*** Record set ***

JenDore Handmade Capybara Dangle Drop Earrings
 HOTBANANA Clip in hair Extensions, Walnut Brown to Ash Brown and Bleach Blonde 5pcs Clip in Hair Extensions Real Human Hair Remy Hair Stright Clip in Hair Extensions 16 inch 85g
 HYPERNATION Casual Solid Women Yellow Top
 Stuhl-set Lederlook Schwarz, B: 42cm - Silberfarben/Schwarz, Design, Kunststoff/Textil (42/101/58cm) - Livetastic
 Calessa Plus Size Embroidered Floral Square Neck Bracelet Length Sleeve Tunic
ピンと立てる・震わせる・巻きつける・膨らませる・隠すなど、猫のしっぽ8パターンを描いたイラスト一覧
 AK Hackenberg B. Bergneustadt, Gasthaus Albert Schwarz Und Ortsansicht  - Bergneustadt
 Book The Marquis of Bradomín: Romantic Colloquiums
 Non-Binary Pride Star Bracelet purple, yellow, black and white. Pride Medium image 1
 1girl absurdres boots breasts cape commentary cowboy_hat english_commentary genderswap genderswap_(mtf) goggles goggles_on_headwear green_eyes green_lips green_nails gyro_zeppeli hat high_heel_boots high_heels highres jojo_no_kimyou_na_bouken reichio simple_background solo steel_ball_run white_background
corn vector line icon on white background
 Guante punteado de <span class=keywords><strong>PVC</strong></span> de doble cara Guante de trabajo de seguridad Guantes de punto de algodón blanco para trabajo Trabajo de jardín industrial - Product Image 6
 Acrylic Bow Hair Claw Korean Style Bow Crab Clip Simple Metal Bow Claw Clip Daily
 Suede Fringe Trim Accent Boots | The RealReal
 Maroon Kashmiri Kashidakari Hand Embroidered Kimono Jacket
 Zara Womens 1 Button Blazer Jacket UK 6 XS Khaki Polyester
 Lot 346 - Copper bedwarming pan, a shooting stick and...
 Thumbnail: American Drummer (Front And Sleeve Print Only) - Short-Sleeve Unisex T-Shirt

*** End of Record set ***

What is expected:
Wherever the string "Bracelet" is found in the entries, copy the line it sits in.

Task result:
 Calessa Plus Size Embroidered Floral Square Neck Bracelet Length Sleeve Tunic
 Non-Binary Pride Star Bracelet purple, yellow, black and white. Pride Medium image 1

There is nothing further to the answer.